# Police Jobs in Singapore



## Kazscotland (Apr 14, 2011)

Hello

Can anyone help me or point me in the right direction??

Could my Husband a Met.Police Det Sergeant relocate to the Singapore Police??

Can anyone help me


----------



## Kazscotland (Apr 14, 2011)

Many thanks for your help


----------



## simonsays (Feb 11, 2009)

Singapore police does not accept non-singaporeans .. 
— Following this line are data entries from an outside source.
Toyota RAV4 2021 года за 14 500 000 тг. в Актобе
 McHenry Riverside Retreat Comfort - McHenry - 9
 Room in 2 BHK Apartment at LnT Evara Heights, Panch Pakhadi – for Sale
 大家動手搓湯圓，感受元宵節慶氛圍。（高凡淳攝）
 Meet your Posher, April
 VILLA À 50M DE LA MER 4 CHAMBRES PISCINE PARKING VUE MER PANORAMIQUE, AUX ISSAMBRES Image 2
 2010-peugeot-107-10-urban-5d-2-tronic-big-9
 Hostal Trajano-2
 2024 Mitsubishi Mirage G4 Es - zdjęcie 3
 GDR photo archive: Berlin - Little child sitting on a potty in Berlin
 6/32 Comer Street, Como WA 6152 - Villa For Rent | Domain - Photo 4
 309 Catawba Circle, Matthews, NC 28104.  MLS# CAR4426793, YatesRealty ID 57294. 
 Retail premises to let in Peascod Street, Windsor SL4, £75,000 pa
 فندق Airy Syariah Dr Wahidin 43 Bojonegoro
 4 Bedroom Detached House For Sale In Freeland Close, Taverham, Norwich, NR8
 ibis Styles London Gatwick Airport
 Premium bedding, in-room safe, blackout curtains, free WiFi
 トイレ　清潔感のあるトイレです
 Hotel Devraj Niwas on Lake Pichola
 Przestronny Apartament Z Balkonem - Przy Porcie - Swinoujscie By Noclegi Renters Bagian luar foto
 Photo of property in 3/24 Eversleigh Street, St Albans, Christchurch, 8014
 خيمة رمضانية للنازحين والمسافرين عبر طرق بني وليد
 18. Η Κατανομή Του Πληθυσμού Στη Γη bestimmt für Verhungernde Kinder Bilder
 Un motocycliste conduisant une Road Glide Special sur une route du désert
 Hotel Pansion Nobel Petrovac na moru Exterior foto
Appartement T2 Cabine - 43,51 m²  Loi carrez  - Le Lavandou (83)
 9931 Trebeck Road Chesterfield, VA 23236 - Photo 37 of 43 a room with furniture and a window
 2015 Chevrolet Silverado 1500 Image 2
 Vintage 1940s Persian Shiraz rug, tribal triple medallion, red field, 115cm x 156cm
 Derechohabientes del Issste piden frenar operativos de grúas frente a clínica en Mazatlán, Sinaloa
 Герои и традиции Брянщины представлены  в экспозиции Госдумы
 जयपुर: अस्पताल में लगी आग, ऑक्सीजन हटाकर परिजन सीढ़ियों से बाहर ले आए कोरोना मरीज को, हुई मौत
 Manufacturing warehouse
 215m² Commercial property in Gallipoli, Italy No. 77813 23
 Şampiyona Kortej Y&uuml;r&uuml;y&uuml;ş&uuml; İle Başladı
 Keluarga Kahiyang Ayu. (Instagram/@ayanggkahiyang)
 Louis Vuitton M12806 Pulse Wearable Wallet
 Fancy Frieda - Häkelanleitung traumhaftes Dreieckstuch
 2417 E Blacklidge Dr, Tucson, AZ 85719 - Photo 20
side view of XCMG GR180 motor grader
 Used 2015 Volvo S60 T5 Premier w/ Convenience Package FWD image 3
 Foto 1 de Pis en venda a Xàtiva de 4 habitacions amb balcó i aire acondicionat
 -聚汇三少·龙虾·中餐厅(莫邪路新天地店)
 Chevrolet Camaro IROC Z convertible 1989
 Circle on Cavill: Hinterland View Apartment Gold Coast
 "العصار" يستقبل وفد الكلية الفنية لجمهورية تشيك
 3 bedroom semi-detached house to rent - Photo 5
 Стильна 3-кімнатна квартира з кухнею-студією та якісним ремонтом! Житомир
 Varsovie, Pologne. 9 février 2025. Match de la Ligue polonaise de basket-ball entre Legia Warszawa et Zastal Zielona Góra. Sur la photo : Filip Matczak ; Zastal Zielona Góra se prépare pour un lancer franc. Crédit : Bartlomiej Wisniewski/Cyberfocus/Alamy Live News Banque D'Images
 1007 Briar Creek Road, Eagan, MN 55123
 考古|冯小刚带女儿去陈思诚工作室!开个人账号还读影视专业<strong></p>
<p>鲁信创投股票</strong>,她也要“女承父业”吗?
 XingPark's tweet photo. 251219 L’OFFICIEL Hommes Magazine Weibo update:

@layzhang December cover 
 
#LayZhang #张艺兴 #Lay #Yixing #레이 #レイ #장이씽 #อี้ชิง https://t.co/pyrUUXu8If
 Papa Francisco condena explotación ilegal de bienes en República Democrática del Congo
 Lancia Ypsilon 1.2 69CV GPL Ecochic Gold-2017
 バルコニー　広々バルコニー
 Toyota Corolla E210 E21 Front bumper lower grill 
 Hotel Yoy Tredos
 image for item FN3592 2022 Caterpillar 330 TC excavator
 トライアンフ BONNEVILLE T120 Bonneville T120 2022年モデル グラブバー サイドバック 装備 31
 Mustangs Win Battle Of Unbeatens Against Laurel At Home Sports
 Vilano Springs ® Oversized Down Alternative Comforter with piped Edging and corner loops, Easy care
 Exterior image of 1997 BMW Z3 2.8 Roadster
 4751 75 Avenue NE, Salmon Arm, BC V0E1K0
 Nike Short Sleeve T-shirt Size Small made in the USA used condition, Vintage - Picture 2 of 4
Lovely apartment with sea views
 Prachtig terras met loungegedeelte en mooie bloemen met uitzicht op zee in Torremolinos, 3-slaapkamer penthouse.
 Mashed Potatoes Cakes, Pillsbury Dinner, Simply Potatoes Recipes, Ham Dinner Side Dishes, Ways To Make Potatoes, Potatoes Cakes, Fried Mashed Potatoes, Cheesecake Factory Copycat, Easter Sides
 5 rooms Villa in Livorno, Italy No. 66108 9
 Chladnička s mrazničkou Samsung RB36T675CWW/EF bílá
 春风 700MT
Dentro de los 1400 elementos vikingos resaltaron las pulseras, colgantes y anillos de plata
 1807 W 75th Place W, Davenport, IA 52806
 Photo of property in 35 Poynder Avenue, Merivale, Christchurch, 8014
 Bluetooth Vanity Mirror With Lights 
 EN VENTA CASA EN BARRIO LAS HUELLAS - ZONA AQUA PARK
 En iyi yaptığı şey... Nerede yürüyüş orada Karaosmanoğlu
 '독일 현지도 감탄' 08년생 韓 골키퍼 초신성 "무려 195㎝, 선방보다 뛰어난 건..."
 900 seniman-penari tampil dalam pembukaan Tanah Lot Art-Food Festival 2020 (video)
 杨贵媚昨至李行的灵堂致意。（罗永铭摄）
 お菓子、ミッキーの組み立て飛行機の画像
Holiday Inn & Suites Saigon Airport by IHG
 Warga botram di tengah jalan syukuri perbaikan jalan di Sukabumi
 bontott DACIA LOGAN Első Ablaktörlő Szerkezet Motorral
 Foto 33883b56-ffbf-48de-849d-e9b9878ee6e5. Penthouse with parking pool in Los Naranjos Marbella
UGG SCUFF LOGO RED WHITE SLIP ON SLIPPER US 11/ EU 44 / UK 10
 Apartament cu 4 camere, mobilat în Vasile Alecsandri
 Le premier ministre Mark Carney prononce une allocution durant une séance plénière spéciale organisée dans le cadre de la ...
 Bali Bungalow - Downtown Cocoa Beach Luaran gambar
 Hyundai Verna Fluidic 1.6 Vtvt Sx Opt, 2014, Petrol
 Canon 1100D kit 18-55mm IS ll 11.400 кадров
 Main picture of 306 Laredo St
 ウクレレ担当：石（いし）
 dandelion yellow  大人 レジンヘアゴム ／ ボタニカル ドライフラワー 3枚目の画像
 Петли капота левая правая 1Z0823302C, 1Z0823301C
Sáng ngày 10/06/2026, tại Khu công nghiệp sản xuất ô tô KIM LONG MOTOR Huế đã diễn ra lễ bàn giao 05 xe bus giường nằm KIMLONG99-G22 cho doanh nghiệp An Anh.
Do read up on SPF.gov.sg .. 

Unless you are coming in as a forensic or related specialists ..


----------



## MaidenScotland (Jun 6, 2009)

Kaz, you seem keen on relocating your husband lol.. why doesn't he ask HR where he could get transferred to? Why not ask about Gibraltar as that is still under UK ruling?


----------



## simonsays (Feb 11, 2009)

MaidenScotland: Singapore is a bigger rock that 'the Rock'


----------



## MaidenScotland (Jun 6, 2009)

ecureilx said:


> MaidenScotland: Singapore is a bigger rock that 'the Rock'




Yes I am well aware of that but the original poster is asking in countries where there used to be a British Police force hence the reason I suggested Gibraltar


----------



## simonsays (Feb 11, 2009)

And you missed the smileys   

Cheers  

PS: I did some checking and HSA Singapore (Health Science Authority) has engaged foreign consultants for Forensic stuff .. maybe that will be a better shot .. As Police per-se is preserved and reserved for Singaporeans, and .. Gurkhas (for the Gurkha regiment)


----------



## ptrlee (Apr 22, 2011)

*Singapore Police*

No non Singaporeans are not allowed to join Singapore police.


----------